What it does point out is you need a USP. Correct. They're all the same. The current fashion is simple subjects, redefined. But how many more opinions on fish/meat/baking etc can there be?
Cookbooks these days fall into three camps:
• Romantic, rustic and full of background
• Egotistical chefs' masturbation manuals
• Design-led coffee table lifestyle ornaments.
Great of course that the Watersones book of 2012 was Polpo, but sad really that it won because of the spine design, praising its tactility and reliance to the threat of digital downloads. None of the judges actually mentioned the recipes inside.
I think what we need is something different, something that's not been done before. When was the last time you bought a cookbook and actually really used it?
The books listed in this article were Nathan Outlaw (another book about fish), The Square, Faviken (described as a coffee book table - says it all. It looks beautiful though), Space Trip and J Sheekey. J Sheekey won't win any awards for originality - it's a classic fish restaurant that's put out a cookbook about classic fish cooking. But it reminded me, and that's what a restaurant cookbook's partly about. That's why I decided to go there yesterday.
I had a great time and I think one of the reasons was is that it's been around for such a long time, no-one's trying to be cool or innovative. It's old-school, traditional and it's been there for yonks. And looking around, it's full of first dates and senior citizens. There was a ridiculously posh table nearby which we observed with glee as they got more sloshed.
Things I liked:
- The oysters and their gorgeous, tangy shallot vinegar (£14.25 for 6). I could eat hundreds of them but I won't because then they wouldn't be special (and I'm not a millionaire). There was some nice rye bread served with it. I wasn't really sure when I was supposed to eat it so I used it as a kind of palate cleanser.
- Their shrimp and scallop burger. Ordered purely for how-does-that-work factor. It was delicious and it was a bit different. Couldn't finish it because it was quite rich.
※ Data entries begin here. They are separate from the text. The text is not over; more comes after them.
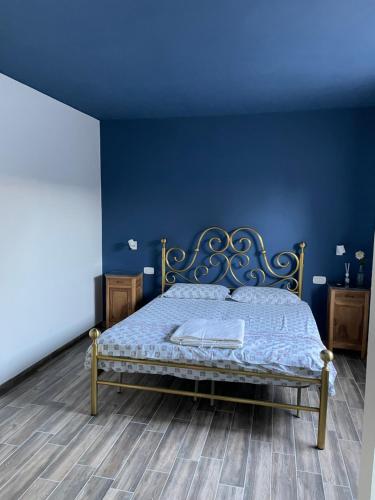 a bedroom with a bed with a blue wall at B&B IL CEDRO in Reggiolo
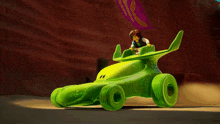 a cartoon character is riding a green vehicle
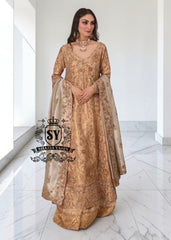 Our radiant Bride shining in the elegant angrakha pishwan, crafted from luxurious silky lame and adorned with exquisite embellishments. Let this gold outfit accentuate your captivating beauty!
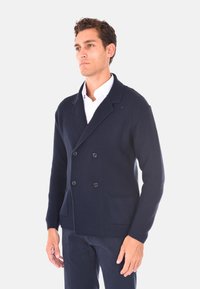 Cardigan lavorato a maglia blu navy con design doppiopetto, grandi bottoni e tasche laterali. La texture è a coste, con un colletto a scialle.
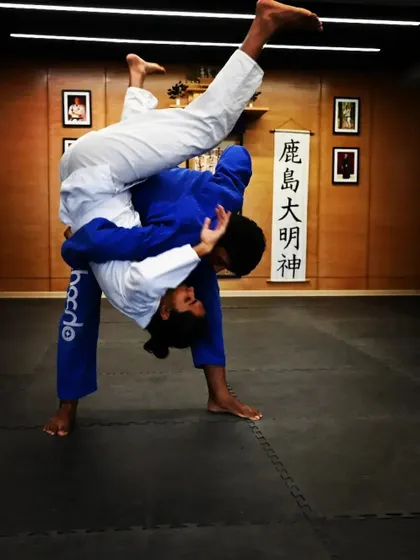 Executing a takedown during a BJJ Gi class. We teach a variety of throws and takedowns to ensure our students have a complete grappling game, from standing to the ground.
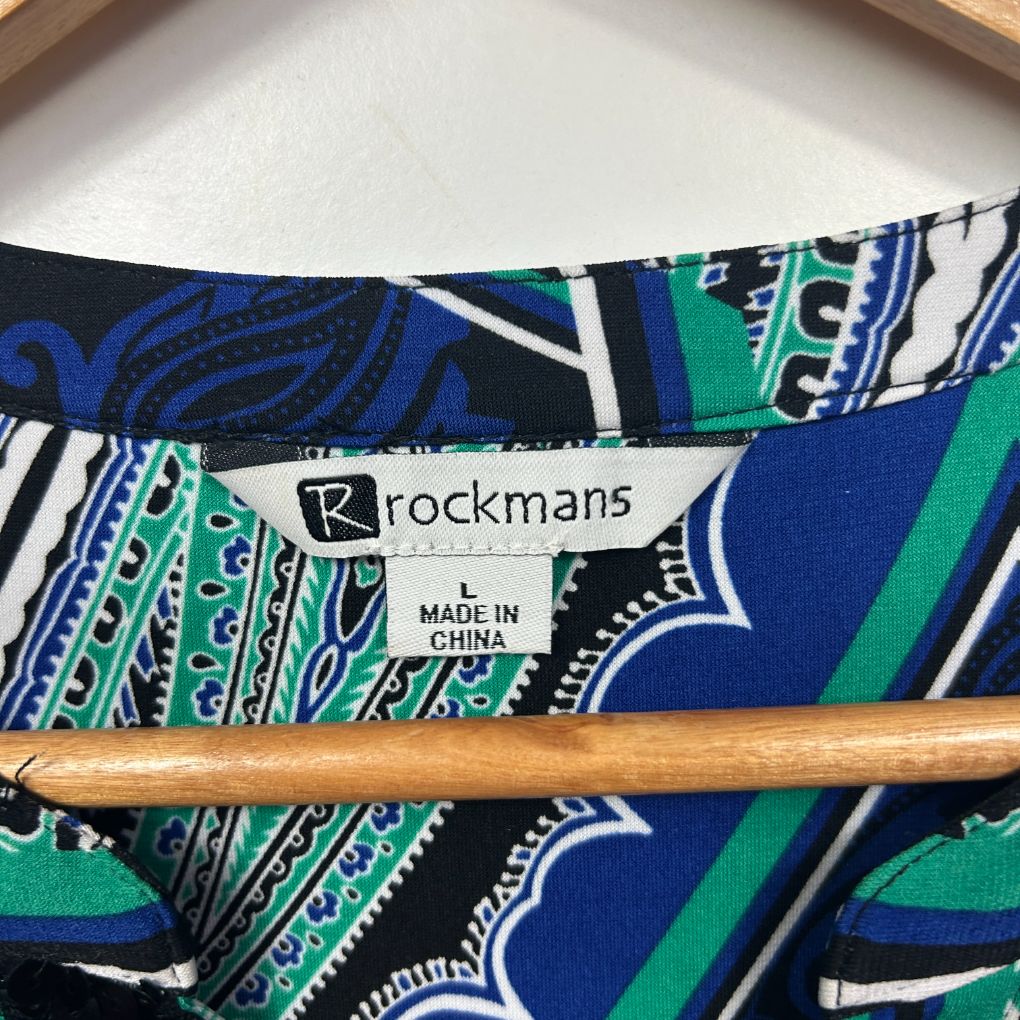 Blue and green geometric print fabric detail view with Rockmans label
But I would eat that again.
- They overheard it was my friend's birthday and piped 'happy birthday' on her dessert plate. It was a nice touch.
- The Spotted Dick (snigger). It was great comfort food. I'm a big fan of steamed puddings. Can someone bring them back, please?
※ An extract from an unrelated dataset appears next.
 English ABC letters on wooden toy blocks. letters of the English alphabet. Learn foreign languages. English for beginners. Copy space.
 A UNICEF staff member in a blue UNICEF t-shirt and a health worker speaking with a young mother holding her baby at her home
- When they said that they hoped to see me for my next birthday, I felt like they really meant it (it's nice to feel that they're not just going through the motions).
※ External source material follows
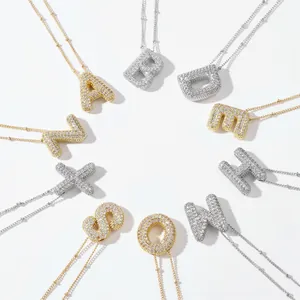Collane con pendenti a forma di lettere in zircone micro-pavé oro e argento su fondo bianco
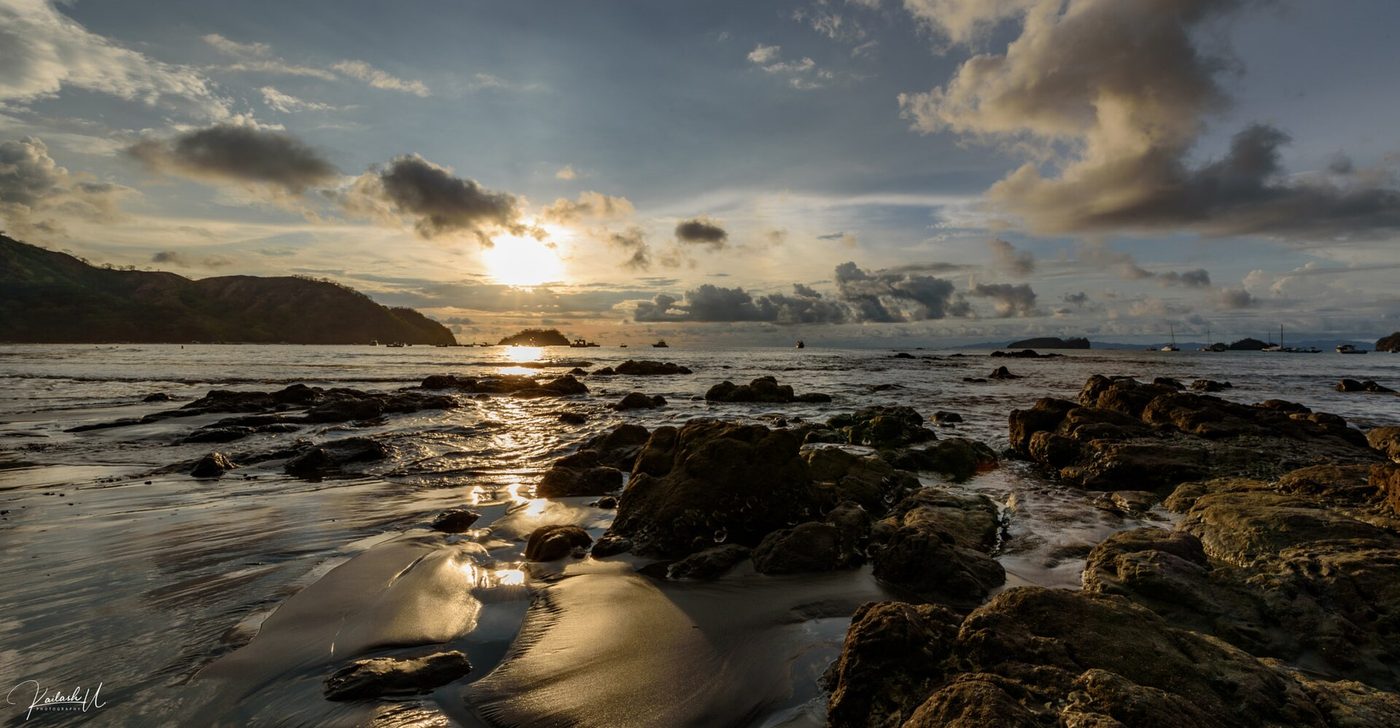 Sunset over Playas del Coco bay with wet sand reflections and anchored boats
- Gravlax. It's cured salmon, but it was great nonetheless.
|Scallop & Shrimp Burger|
Things I didn't like:
- Initial shambles at reception. They've been doing this for years - haven't they got a better system?
- Squid was chewy and it didn't taste of much except the charred pepper (a pet hate of mine) so I had to slather on quite a lot of the sauce. I know squid is often chewy, but I expected better from a fish restaurant.
- The iced berries. I mean, it was nice, and the chocolate sauce was lovely, but it reminded me of the frozen mixed berries my mum used to get from Iceland to put into a crumble. Not a dessert.
- As the room filled up (and we drank more wine), the room got warmer, but initially, the room was chilly.